That adjustment is reasonable only to a certain extent. For instance, my cell phone company stuffs my plan with hundreds of unused and unusable minutes so on a per-minute basis, I am sure prices have come down substantially but on a per-used-minute basis, I'm not so sure.
Let's get to what we care about on this blog... the visual. There is one big puzzle embedded in this chart. Look at the line for televisions. It dipped below -100 percent! Like Antonio, many readers should be scratching their heads--did the price of television go negative? did the hedonic adjustment go bonkers?
As an aside, I don't like the current NYT convention of hiding too many axis labels. What period of time is this chart depicting? You'd only find out by reading the label of the vertical axis! I mentioned something similar the other day.
The key to understanding a chart like this is to learn what is being plotted. The first instinct is to think the change in prices over time. A quick glance at the vertical axis label would correct that misunderstanding. It said "Change in prices relative to a 23% increase in price for all items, 2005-2014".
This label is doing a lot of work--probably too much for its inconspicious location and unbolded, uncolored status.

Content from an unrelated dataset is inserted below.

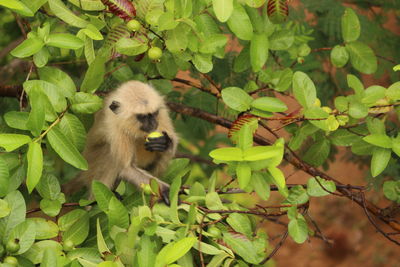 Monkey with green leaves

Readers have to know that the official CPI is a weighted average of changes in prices of a specified basket of goods. Some but not all of the components are being graphed.
Then readers have to understand that there is an index of an index. The prices of each "item" (i.e. category or component of the CPI) are indiced to 1984 levels. So the prices of television is first re-indiced to 2005 as the baseline. This establishes a growth trajectory for television. But this is not what is being depicted.
The blue line reflects the 23% average increase in prices in that 10-year period. Notice that the red line does not exhibit any weirdness--television prices have gone down by 90 percent. It's not negative.
What the designer tried to do is to index this data another time. Think of pulling the blue line down to the horizontal axis, and then see what happens to the gray and red lines.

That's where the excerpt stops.